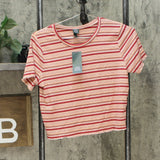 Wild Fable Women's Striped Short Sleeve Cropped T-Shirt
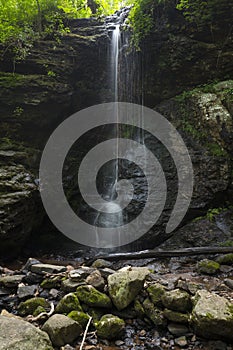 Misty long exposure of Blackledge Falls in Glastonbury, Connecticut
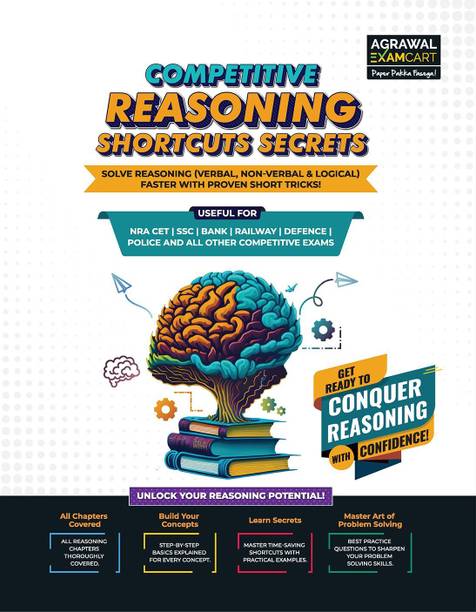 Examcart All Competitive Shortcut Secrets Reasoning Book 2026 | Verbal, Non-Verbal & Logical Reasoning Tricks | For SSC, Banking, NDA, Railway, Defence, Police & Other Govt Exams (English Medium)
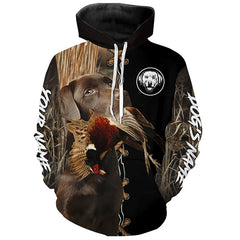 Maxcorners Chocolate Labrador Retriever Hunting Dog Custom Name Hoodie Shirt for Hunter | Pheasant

> [HOW TO COMPLETE THIS TASK]
Output the span from the line with "Examcart All Competitive" through the last line of the data, inclusive and exact, and omit every picture.

> [ANSWER TO THIS PROBLEM]
 Examcart All Competitive Shortcut Secrets Reasoning Book 2026 | Verbal, Non-Verbal & Logical Reasoning Tricks | For SSC, Banking, NDA, Railway, Defence, Police & Other Govt Exams (English Medium)
 Maxcorners Chocolate Labrador Retriever Hunting Dog Custom Name Hoodie Shirt for Hunter | Pheasant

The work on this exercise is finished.